Can We Simplify Networks to Improve Economics?

We have network infrastructure, and we’ve had several models describing how it might be built better, made more efficient.  So far, none have really transformed networks.  We knew, through decades of FCC data on spending on telecommunications, what percentage of after-tax income people were prepared to devote to network services.  We now know that the percentage hasn’t changed much.  Thus, we have a picture of network services where revenues are static and where cost controls have proven difficult.  What happens now?

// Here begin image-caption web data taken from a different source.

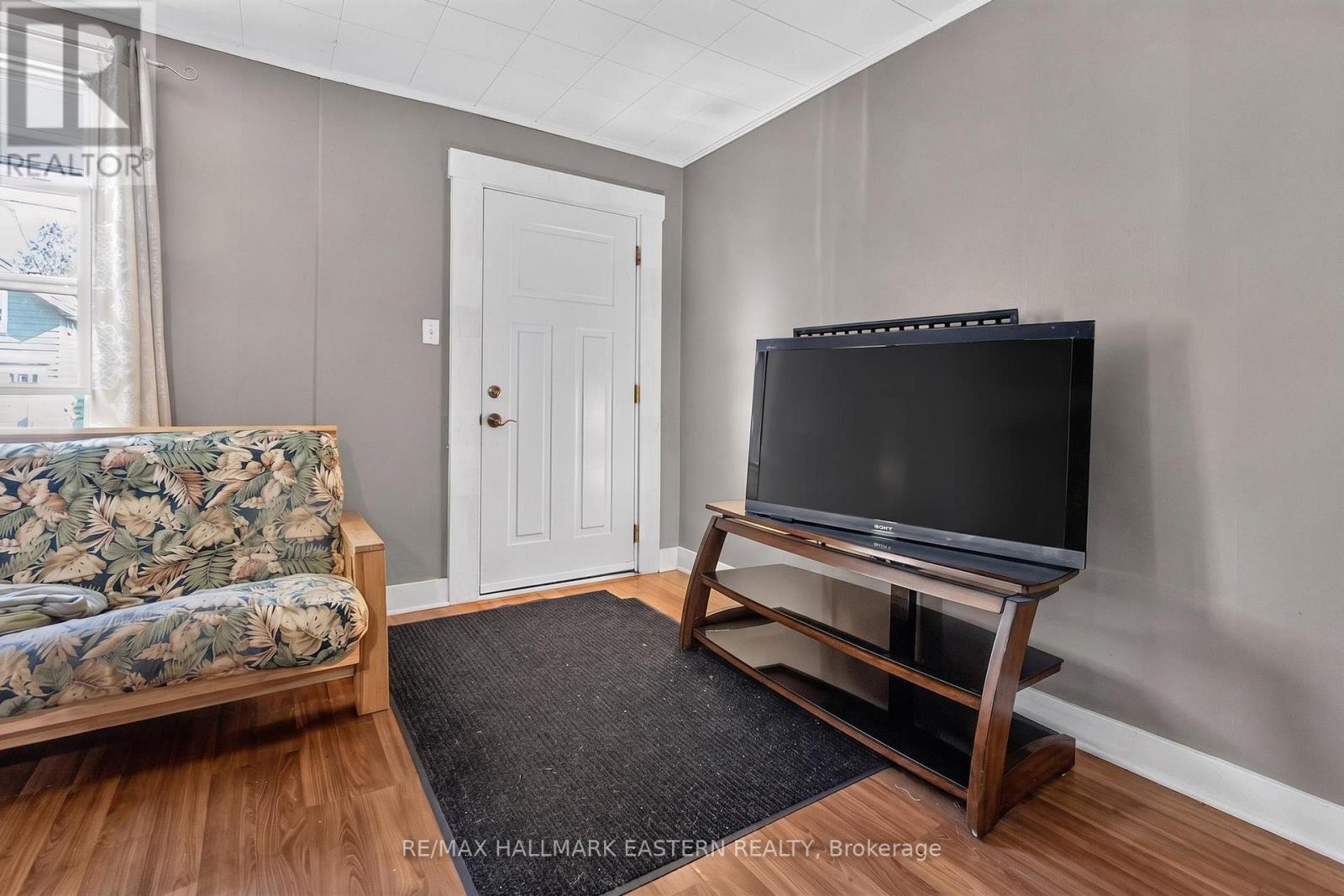 714 CHAMBERLAIN STREET - 6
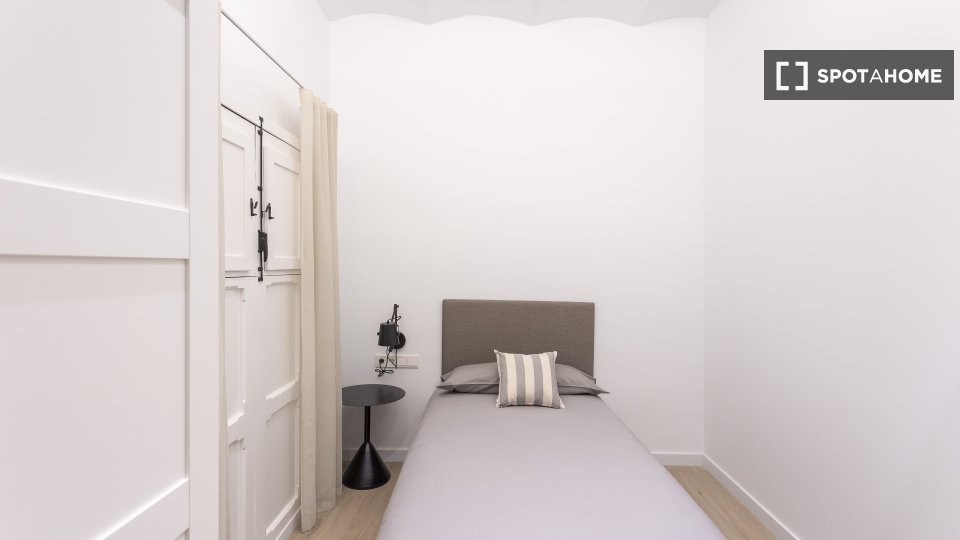 Double room Barcelona, 3 beds, 68m² — photo 18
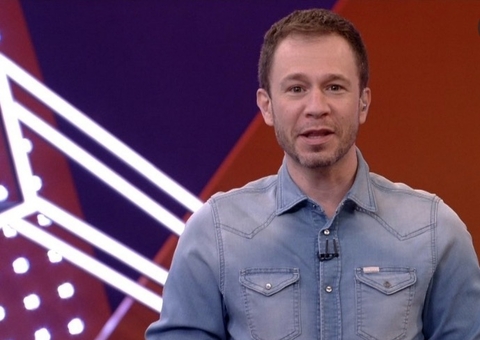 Tiago Leifert vai apresentar BBB22 após pedir demissão da Globo, diz Estadão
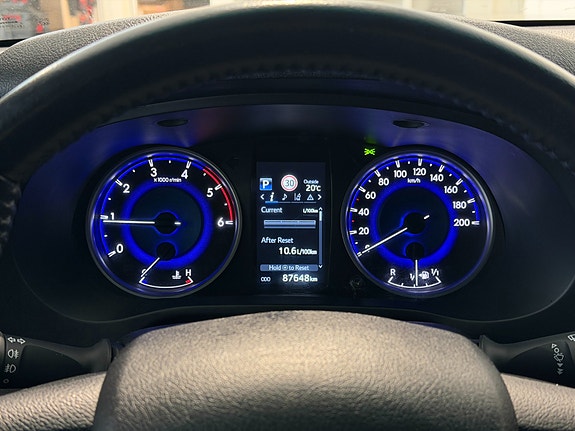 Toyota HiLux 27 of 28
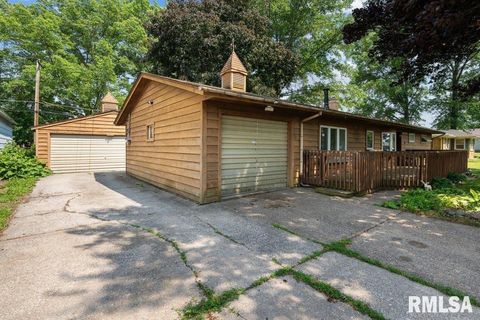 Tiny photo for 6127 FAIR Avenue, Davenport, IA 52806 (MLS # QC4269759)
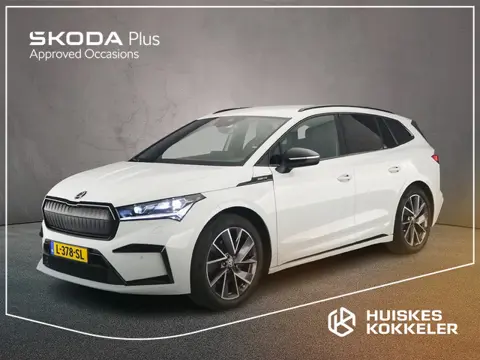 Skoda Enyaq iV 60 Sportline 180pk Automaat Trekhaak, Adaptive cruise control, Navigatie, Achteruitri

I’d followed the FCC “Statistics on Common Carrier” for all the years the report was published.  In it, the FCC offered the insight that telecom services accounted for 2.2% of disposable (after-tax) income for consumers.  The most recent information suggests that it’s between 2.5% and 2.7%, and IMHO the difference from the number decades ago is within the margin of error for the calculations.  From this, I think we can say that there’s no credible indication that consumers will pay more over time for communications.  Business spending on networks, as all operators know, is under considerable cost pressure, and things like SD-WAN promise to increase this pressure.  Revenue gains over time, therefore, are difficult to validate.  Losses might be more credible.

Operators, again IMHO, have known this for a long time, and their goal has been to reduce costs—both capex and opex.  Capex currently accounts for about 20 cents of each revenue dollar.  Another 18 cents are returned to shareholders.  “Process opex”, meaning the operations costs associated with infrastructure and services, accounted for about 29 cents per revenue dollar in 2018, the year that it peaked.  Under pressure from tactical cost-savings measures, it’s fallen to about 27 cents in 2020.

Capex reductions of about 20% have been the goal of operators, meaning a reduction of 4 cents per revenue dollar.  SDN and NFV (the “First Model” of change) were both aimed at framing a different model of networking based on more open-commodity technology, but neither have produced any significant reduction in capex, and neither has been widely adopted.  Most recently, operators have looked at a combination of open-source network software and open-model “white-box” hardware (the “Second Model”).  They indicate that this combination appears to have the potential to constrain capex growth, and perhaps reduce it by 10% if all the stars aligned.  The smart planners tell me that’s not enough either.

Some operators have been exploring what I’ll call the Third Model, and I’ve mentioned it in some earlier blogs.  This model says that the network of the future should be built primarily as an enormous optical capacity reservoir, capped with a minimalist service overlay.  You reduce both capex and complexity by burying network problems in oversupply, which is becoming cheaper than trying to manage a lower level of capacity.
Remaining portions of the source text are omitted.